After locating the line containing "Hyundai ix35 I" in the entries below, please write out that line and the rest through the end exactly. Omit pictures.

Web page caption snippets
════════

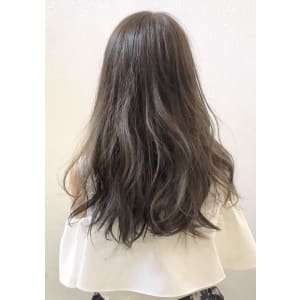 くすみスモーキーアッシュ - gift hair salon【ギフト】掲載中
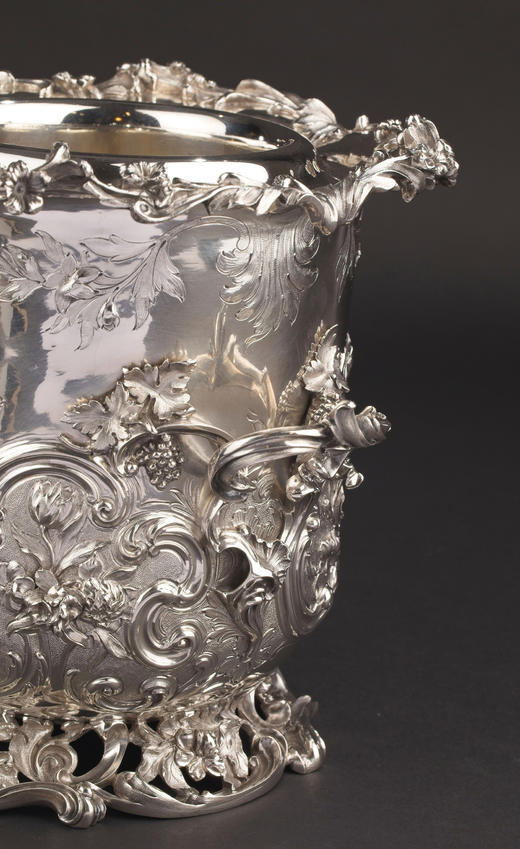 独角鹿西洋古董19世纪初英国顶级银坊Edward Barnard & Sons出品路易十五风格繁华卷叶主题纯银精雕冰酒桶一对 商品图5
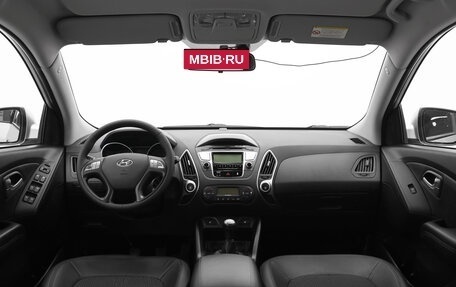 Hyundai ix35 I рестайлинг, 2012 год, 1 090 000 рублей, 5 фотография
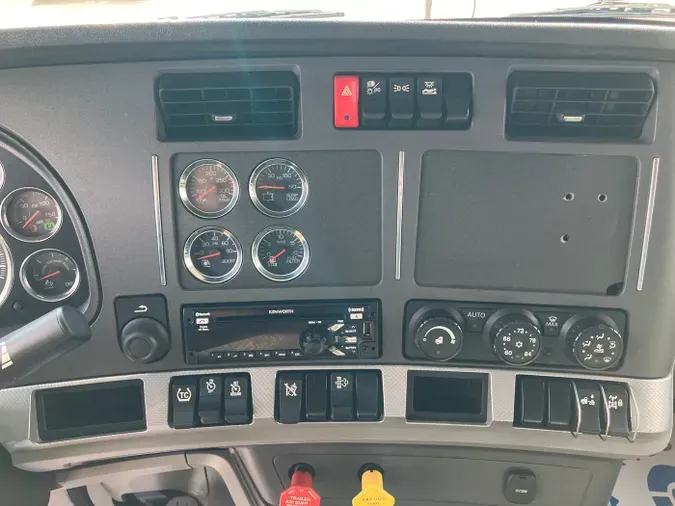 2020 Kenworth T680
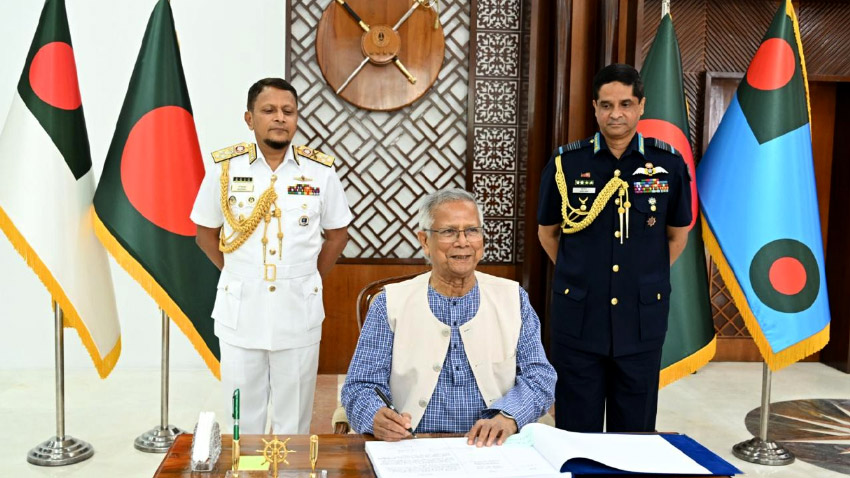 Chief Adviser Professor Muhammad Yunus inaugurated the 'Navy and Air Force Selection Board-2025' at the Navy Headquarters in the capital on Sunday. Photo: CA Press Wing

════════

## Your solution
 Hyundai ix35 I рестайлинг, 2012 год, 1 090 000 рублей, 5 фотография
 2020 Kenworth T680
 Chief Adviser Professor Muhammad Yunus inaugurated the 'Navy and Air Force Selection Board-2025' at the Navy Headquarters in the capital on Sunday. Photo: CA Press Wing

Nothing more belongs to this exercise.